It is a very thin sauce with a light sweetness and then some nice heat that follows without burning.  Considering all the sugar in the ingredient list I would assume it to be sweeter then it really is.  Anyone with any ideas on or suggestions I would greatly appreciate it!  Thanks.


----------



## dougmays (Oct 30, 2011)

sounds good! sorry i have no clue how to help but i want to subscribe to this thread to see what the pro's say! :)


----------



## rowdyrawhide (Oct 30, 2011)

Do you like gates and sons. If so do a search for grapette BBQ sauce by nepas. To me t is very similar to gates with a grape flavor. If you want to skip the grape flavor then sub water or sugar water for the soda. 

Hope this helps
Aaron


----------



## walleyeman (Dec 29, 2011)

I love that sauce to Im from iowa and have to stop their every time i get to rochester


----------



## dallaslayer (Nov 10, 2013)

I know from FACT yes i said fact, that the base sauce is OPEN PIT doctored. My mom and dad knew John when he came to rochester and he told her that was all he used and some "KICK". I have been working hard to replicate it for some time and the closest I get is by using basic home cooking stuff that he would have had at easy disposal_ tabasco and apple cider vinigar (sp)  I still havent gotten it right on but its closer whats funny is that my second favorite bbq place is Ted Cooks and they have a very close sauce also.

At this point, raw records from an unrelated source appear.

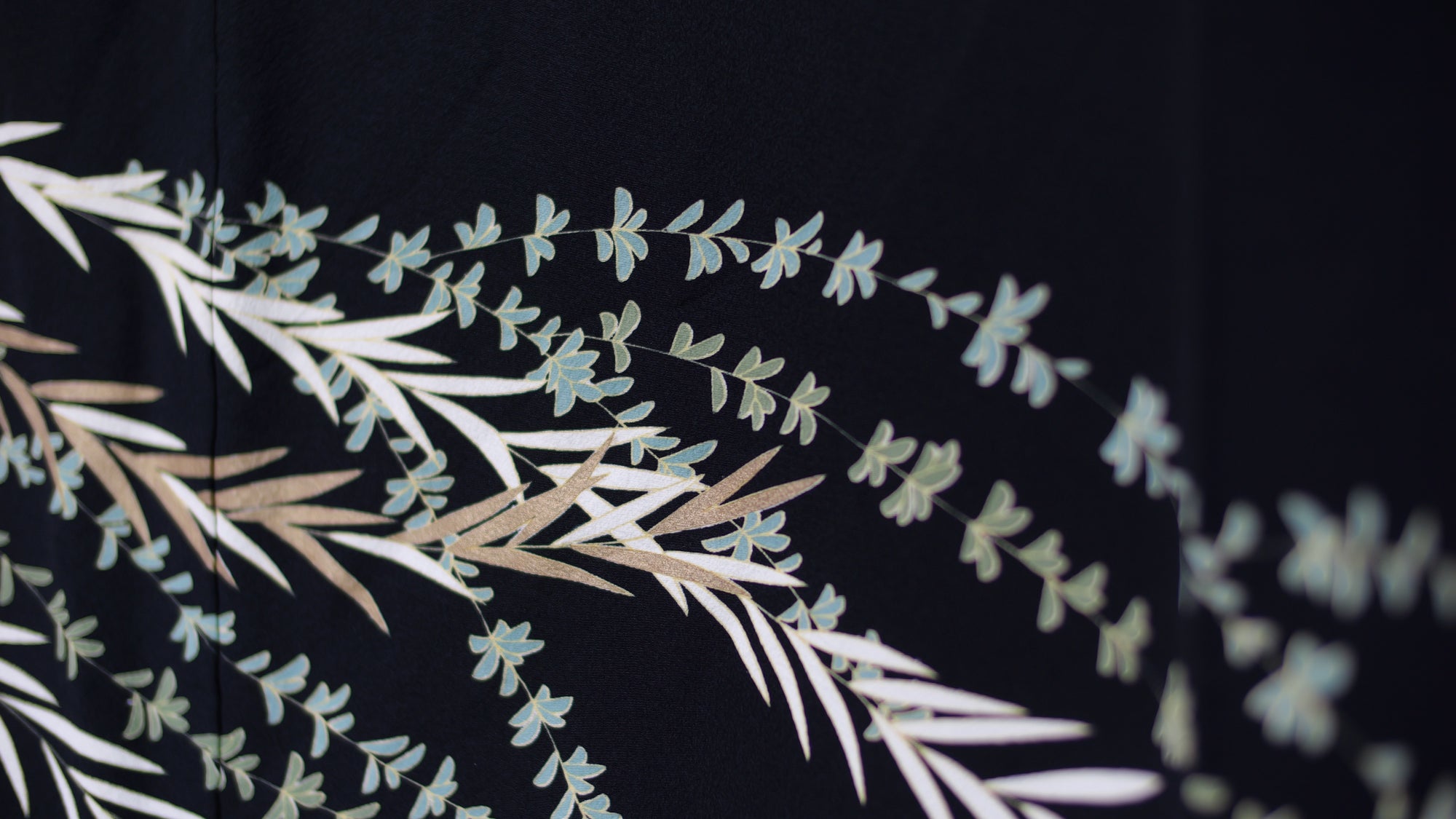 Sakura Collection: AP27-01 | Black Trail of Leaves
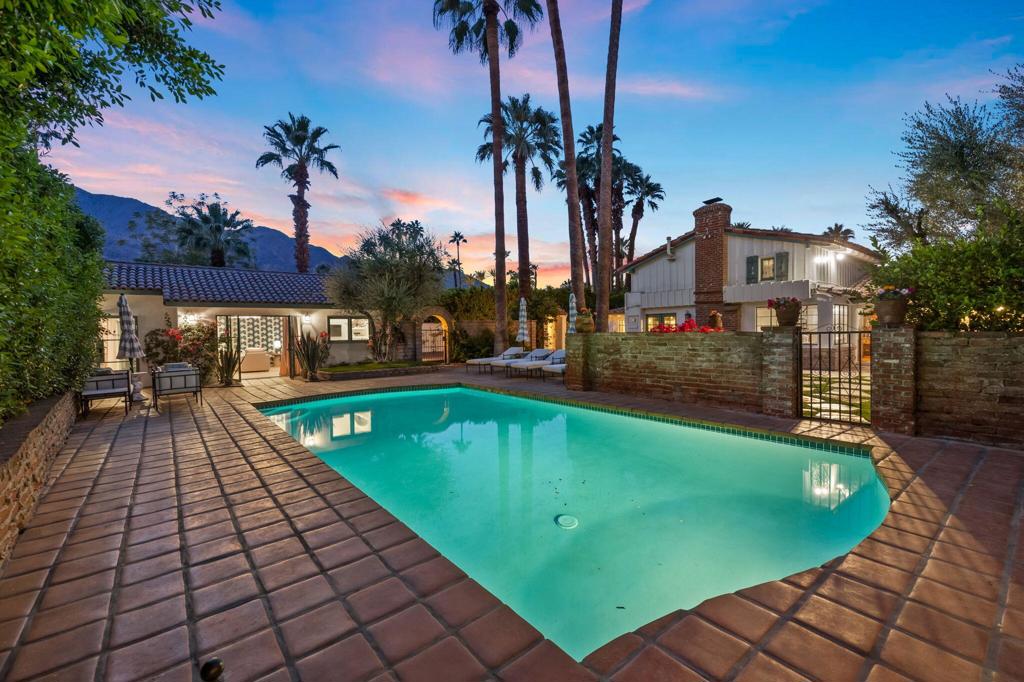 Movie Colony - Residential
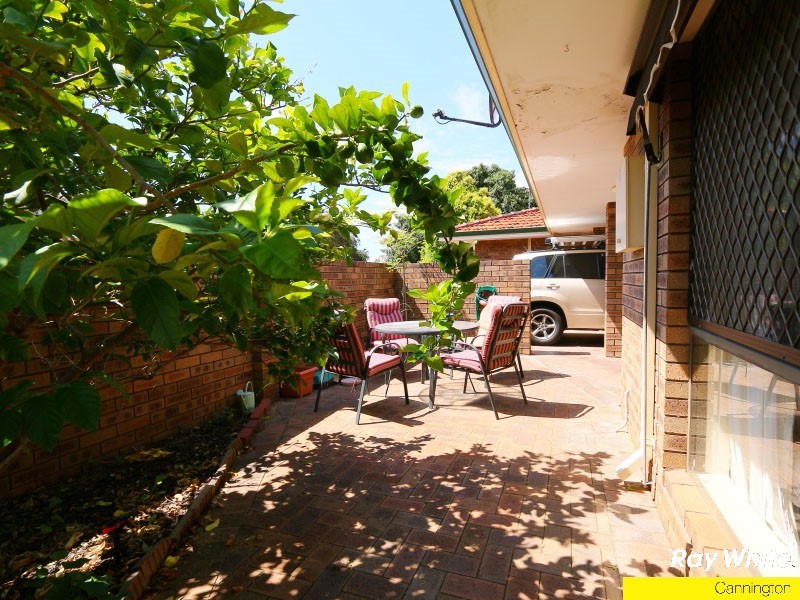 31 Dealy Close, Cannington WA 6107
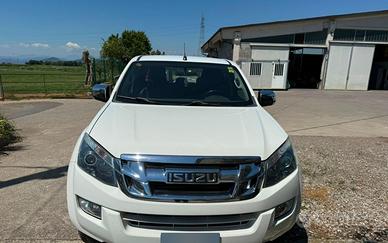 Automobile Pickup Isuzu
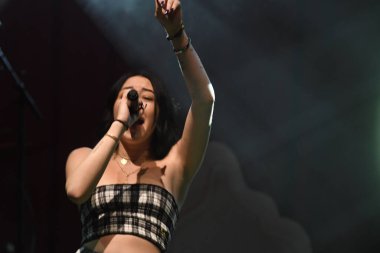 Noah Cyrus ilk turnesinde 23 Eylül 2018 'de Orlando Florida' daki Beacham 'da sahne alacak.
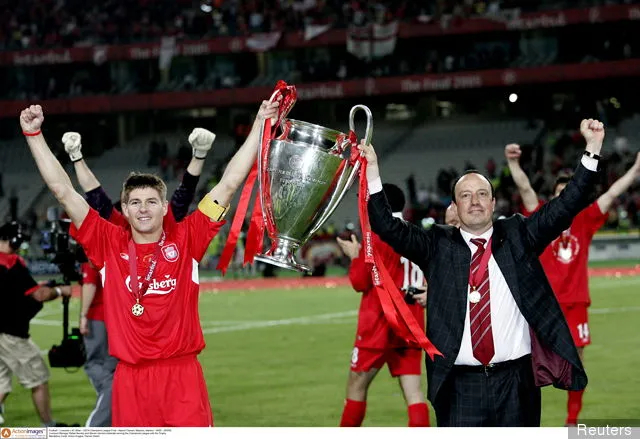Liverpool-manager Rafael Benitez og Steven Gerrard fejrer at vinde Champions League med trofæet' title='Danny Murphy forklarer, hvorfor han blev renset. Jose Mourinho tog ikke Liverpool-jobbet
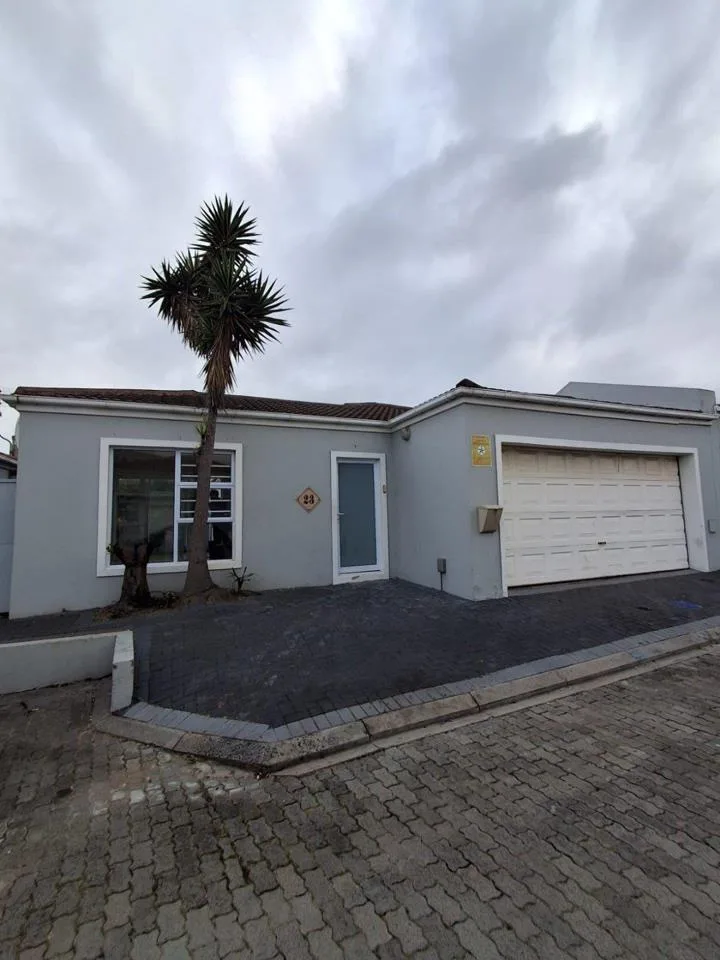 3 Bedroom House for sale in Parklands
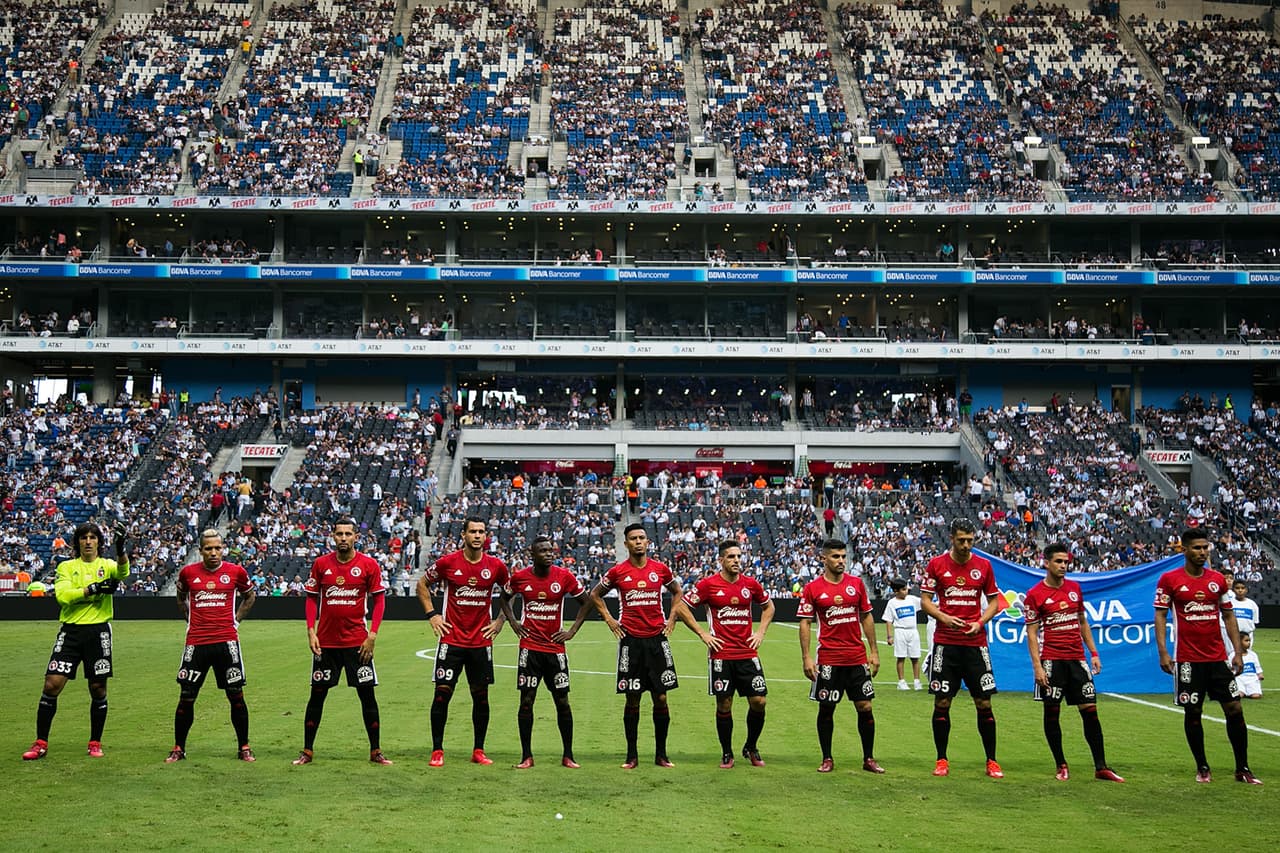ASISTENCIA: La asistencia registrada en esta jornada ocho del Apertura 2016 de la Liga MX fue de 224,985 asistentes, siendo el estadio de Monterey el que registró la mejor entrada con 50,045 seguidores para presenciar el Rayados vs. Xolos. El que tuvo la menor entrada fue el Puebla vs. Toluca con 12,782 aficionados.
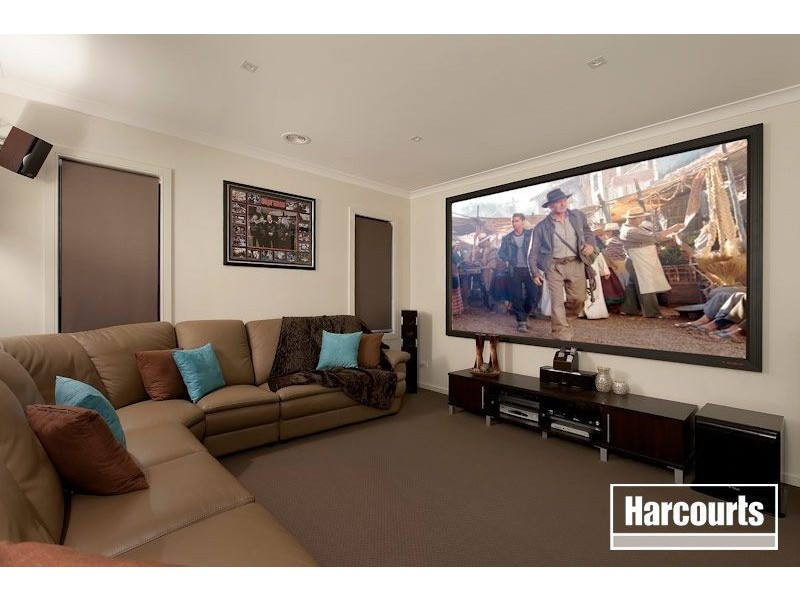 38 Bronson Circuit, Cranbourne North VIC 3977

Im thinking the last part of the recipe is simply SOUL!


----------



## hermandvm (May 5, 2014)

Based on Dallaslayers response the ingredients up to garlic powder are likely Open Pit.  To an 18 oz bottle of Open Pit I added the juice of 1/2 lemon, 1/4 cup Tabasco, 3 TBL pickle juice a few shakes of Cayenne, and a tiny squirt of Mayonnaise.  It came out pretty close.  Next time I would back off on the tabasco, heat can be adjusted with the cayenne to your liking.


----------



## palladini (May 9, 2014)

You can start making your own, knowing that the ingredients on the product label are listed in order of amounts used, it should be easy to make. I imagine that you getting high fructose corn syrup is a no go, so increase the corn syrup or add some brown sugar. All the rest of the ingredients you should be able to source out.


----------